Another thing to realize, as has been pointed out, opening up a hive for inspection aggravates the problem. The main reason is, the bees frequently seal the shb into cracks and crevices with propolis. When we open the hives, we break that seal, thus releasing the shb. Pay particular attention when you pop the inner cover. Frequently the bees seal them in propolis up under the inner cover along the edge or in the corner. Keep your hive tool handy, that's the best way to execute those little buggers...crush them! :lpf:

Another thing to watch out for, is if you don't have enough oil in your traps, the shb will use it as a refuge from the bees, and when you open the hive, out they pour. So be ready with the hive tool again. I'm not sure about the cd traps, others can chime in on those. I've found I have to empty and clean my AJ traps twice a season, as the bees manage to keep them fairly well occupied with soon to be dead shb.
Regards,
Steven


----------



## Mike Snodgrass (Mar 11, 2010)

Cd traps with combat platinum in them with a little pollen in the middle didnt lure or trap a sngl SHB in my hives this late summer/fall. I finally pulled them and said heck with it. Going with the oil/beetle traps.


----------



## seamuswildhoney (Jul 24, 2008)

I have 2 of the oil traps in my hives. when I put them in I saw lots of beetles drowned after just a few minutes, after a few days dozens of them, some varroa mites as well. I want every hive I have with one of those traps!


----------



## David LaFerney (Jan 14, 2009)

Just want to comment about the BB oil traps - 

They *do* work in that they catch lots of beetles, beetle larva, and wax moth larva. They *do not eliminate* beetles from the hives. It seems like they would, but I ran them on 5 of my 10 hives all season, and during inspections I don't know if you could really see a big difference in beetle pop between the haves and have nots. 

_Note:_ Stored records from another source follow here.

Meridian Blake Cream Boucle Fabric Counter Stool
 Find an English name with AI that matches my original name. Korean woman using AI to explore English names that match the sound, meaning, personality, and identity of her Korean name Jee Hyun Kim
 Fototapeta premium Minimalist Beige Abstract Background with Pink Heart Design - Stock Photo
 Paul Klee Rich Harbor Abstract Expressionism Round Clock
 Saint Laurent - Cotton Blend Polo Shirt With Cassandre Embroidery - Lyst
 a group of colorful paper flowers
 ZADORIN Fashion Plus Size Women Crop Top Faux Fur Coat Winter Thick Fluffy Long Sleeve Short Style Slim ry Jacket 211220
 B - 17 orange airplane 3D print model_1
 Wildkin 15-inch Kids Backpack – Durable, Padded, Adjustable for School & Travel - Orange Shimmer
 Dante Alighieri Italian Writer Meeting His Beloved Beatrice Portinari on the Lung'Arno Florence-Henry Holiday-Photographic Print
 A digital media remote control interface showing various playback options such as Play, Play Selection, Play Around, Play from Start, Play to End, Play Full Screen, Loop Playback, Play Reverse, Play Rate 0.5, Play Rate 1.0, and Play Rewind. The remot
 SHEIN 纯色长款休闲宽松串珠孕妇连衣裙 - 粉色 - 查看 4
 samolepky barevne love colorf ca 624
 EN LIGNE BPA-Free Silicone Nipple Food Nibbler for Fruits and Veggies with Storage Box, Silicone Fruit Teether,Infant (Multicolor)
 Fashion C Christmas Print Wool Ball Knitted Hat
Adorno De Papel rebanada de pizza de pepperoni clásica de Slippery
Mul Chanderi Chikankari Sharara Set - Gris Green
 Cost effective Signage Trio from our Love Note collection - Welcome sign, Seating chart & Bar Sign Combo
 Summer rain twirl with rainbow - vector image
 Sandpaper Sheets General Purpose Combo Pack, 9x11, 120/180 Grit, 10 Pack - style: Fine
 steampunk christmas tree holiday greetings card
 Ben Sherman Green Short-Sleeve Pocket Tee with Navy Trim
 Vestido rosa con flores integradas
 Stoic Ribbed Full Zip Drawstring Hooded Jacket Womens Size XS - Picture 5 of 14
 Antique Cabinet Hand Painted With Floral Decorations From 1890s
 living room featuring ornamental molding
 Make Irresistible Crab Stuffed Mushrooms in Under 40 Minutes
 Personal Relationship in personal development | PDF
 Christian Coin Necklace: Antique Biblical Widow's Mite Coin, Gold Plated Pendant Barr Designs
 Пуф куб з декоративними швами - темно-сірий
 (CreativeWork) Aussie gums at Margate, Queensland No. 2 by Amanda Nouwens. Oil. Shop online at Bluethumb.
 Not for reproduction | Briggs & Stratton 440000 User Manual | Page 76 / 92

Maybe my total beetle population is lower - I don't know. I do know that the hives that get a good bit of shade always have more beetles. Also the beetles really seem to home in on any weak hives. 

Also, the oil gets REALLY nasty and changing it is one more unpleasant thing that you have to do on a timely schedule. 

My conclusion is that keeping them strong and in the sun is the primary defense against SHB.


----------



## devdog108 (May 7, 2009)

Its combat Roach Gel, there is a difference and it made a huge impact on mine personally....


----------



## AstroBee (Jan 3, 2003)

I suspect that you guys to my south have bigger problems with SHB than we do. I've had them for the past 8 years and have had minimal losses. I suspect that with many things in beekeeping that local conditions have a big part in a hive's ability to deal with SHB. In the beginning, my hives were quarantined and state-mandated treatments were applied. Basically none of these treatments had any significant effect. What worked best for me was to make sure my hives were in full sun (all day sun) and keep colonies strong. Of course you really need to watch splits and unattended honey supers. None of what I have said here is new, but the point I'd like to make is that before you run out and get the latest chems to throw into your hive first assess whether you have a "real" problem. I personally believe (again, locally at least) that strong colonies can manage a certain population of beetles with minimal impact. Since the first two years of my SHB experience, I have stopped all treatments and traps. I have become one with the beetle  Of course certain practices have changed, but all is still manageable.


----------



## fatscher (Apr 18, 2008)

Have any of you all tried the beetle jail?
Small Hive Beetle Goes to Jail


----------



## rrussell6870 (May 14, 2009)

Mike Snodgrass said:


> Cd traps with combat platinum in them with a little pollen in the middle didnt lure or trap a sngl SHB in my hives this late summer/fall. I finally pulled them and said heck with it. Going with the oil/beetle traps.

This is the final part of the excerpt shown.